Nous poursuivons avec un second algorithme utilisé en traitement automatique du langage naturel qui est un domaine à la frontière entre linguistique et informatique. En effet, les ordinateurs sont aujourd'hui capables d'identifier dans un grand corpus de textes, ceux dont le sujet porte sur un thème précis (on parle aussi de catégorie ou de classe). Il peut s'agir de classer des nouvelles dans des genres pour pouvoir les classer sur un site Web. Il peut s'agir de diriger automatiquement des mails de réclamation vers le bon service pour une entreprise. Il peut s'agir d'attribuer des textes à des auteurs, ce qui est une question considérée en stylistique. Il est intéressant de noter que, si on dispose de corpus de textes de différents auteurs, on peut écrire un programme qui apprenne à classer les textes et qu'un tel programme a des résultats étonnamment bons (du niveau d'un expert humain) même si, comme nous allons le voir, il ne fait pas une étude de style mais se base simplement sur des fréquences d'apparition de mots.

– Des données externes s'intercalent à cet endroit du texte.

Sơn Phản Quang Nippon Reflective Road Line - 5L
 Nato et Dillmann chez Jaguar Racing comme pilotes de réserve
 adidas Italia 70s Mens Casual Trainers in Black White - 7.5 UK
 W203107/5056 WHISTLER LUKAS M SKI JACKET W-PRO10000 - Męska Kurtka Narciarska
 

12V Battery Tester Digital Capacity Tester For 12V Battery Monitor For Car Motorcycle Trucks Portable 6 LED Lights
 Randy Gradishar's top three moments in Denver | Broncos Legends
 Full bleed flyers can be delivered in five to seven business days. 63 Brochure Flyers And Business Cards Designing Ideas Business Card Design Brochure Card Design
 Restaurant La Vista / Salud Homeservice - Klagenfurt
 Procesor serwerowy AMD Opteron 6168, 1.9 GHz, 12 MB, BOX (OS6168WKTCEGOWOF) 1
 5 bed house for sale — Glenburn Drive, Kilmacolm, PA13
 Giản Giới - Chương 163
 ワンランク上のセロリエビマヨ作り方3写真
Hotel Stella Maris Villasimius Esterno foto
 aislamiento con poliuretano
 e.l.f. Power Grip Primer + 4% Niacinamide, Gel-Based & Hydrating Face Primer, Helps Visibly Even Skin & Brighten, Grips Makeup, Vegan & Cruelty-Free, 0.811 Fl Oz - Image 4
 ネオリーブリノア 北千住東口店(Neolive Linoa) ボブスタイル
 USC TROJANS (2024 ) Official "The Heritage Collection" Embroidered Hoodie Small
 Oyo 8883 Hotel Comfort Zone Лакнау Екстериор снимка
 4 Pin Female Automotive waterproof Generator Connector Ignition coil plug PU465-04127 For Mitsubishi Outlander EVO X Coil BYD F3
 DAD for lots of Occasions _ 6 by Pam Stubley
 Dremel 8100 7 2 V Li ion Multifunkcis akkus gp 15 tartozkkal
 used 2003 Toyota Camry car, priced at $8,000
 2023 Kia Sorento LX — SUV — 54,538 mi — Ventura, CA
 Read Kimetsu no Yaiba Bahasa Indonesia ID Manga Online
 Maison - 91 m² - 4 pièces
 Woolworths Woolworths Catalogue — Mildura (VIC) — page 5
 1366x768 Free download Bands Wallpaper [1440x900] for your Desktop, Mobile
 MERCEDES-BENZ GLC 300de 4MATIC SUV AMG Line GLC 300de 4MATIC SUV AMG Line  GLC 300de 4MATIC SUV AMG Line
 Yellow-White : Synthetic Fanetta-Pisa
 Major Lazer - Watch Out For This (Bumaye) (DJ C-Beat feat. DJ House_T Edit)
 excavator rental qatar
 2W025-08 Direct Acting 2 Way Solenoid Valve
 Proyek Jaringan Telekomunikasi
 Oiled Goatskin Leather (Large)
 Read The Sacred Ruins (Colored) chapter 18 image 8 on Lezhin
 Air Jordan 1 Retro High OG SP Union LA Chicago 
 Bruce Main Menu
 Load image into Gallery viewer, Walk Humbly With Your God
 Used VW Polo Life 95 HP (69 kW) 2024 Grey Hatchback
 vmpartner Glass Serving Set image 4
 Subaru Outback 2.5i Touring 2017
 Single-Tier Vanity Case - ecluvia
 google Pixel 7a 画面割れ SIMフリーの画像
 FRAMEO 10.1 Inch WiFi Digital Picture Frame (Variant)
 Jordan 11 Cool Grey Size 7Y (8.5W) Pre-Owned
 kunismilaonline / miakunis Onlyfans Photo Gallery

Explorons les idées permettant à un algorithme de classer des textes en considérant la question de trouver les textes parlant de politique. Une méthode naïve, voire idiote, est de dire qu'un texte est dans le thème "politique" si et seulement si le mot politique s'y trouve. On pourrait écrire un algorithme comme
1. **en entrée** : une suite de mots
2. lire le premier mot et le mémoriser comme mot courant
3. **tant que** ce n'est pas la fin du texte
4. **si** le mot courant est "politique" **alors**
6. mémoriser que j'ai vu le mot politique
7. **fin du si**
8. lire le mot suivant et le mémoriser comme mot courant
9. **fin du tant que**
10. **en sortie** : le texte est politique si j'ai mémorisé que j'ai vu
le mot politique
Cet algorithme naïf n'est pas satisfaisant car un texte peut être considéré comme politique sans contenir le mot politique et un texte contenant le mot politique ne parle pas forcément de politique ! On peut l'améliorer en constituant un dictionnaire des mots parlant de politique (droite, gauche, parlement, assemblée, ...) et s'inspirer de l'algorithme réalisant la correction orthographique. On peut poursuivre cette idée en constatant que la décision de l'appartenance à ce thème politique peut dépendre aussi bien de la présence que de l'absence de certains mots, ou mieux encore de combien de fois chaque mot est employé. Nous avons l'idée de base qui est que l'appartenance d'un texte à un thème va dépendre de la fréquence d'apparition de certains mots .
C'est cette idée qui est souvent employée. Pour cela, un dictionnaire ayant été choisi, on va représenter un texte par le nombre de fois où chaque mot du dictionnaire apparaît dans le texte. Au vu des algorithmes décrits dans ce module, vous êtes capables de comprendre qu'il est possible d'écrire un algorithme qui, avec un texte et un dictionnaire, construit une telle représentation. À partir de cette représentation, il faut trouver des seuils en dessous ou au delà desquels on dira que le texte parle d'un thème précis. Par exemple, un texte parle de politique si le mot politique apparaît au moins une fois, le mot gauche au moins deux fois, le mot droite au moins deux fois et le mot chat n'apparaît pas. Mais, comment trouver ces seuils ?
C'est ici qu'interviennent des développements récents autour de l'apprentissage artificiel ("Machine Learning") amplifiés par le phénomène des masses de données ("Big Data"). En effet, on dispose désormais de grands corpus de textes. Les textes peuvent être annotés par des experts comme parlant d'un thème. Avec ces corpus de textes, on peut représenter chacun d'eux par les fréquences des mots. On peut alors écrire un programme qui apprenne quels sont les seuils pour chacun des thèmes et, avec ces seuils, on peut maintenant classer un nouveau texte dans un thème. Les détails d'un tel algorithme d'apprentissage (ou de fouille de textes) sortent du contenu de ce cours. Nous espérons cependant vous avoir fait comprendre comment une machine pouvait classer des textes avec des résultats souvent comparables à celles d'un expert humain.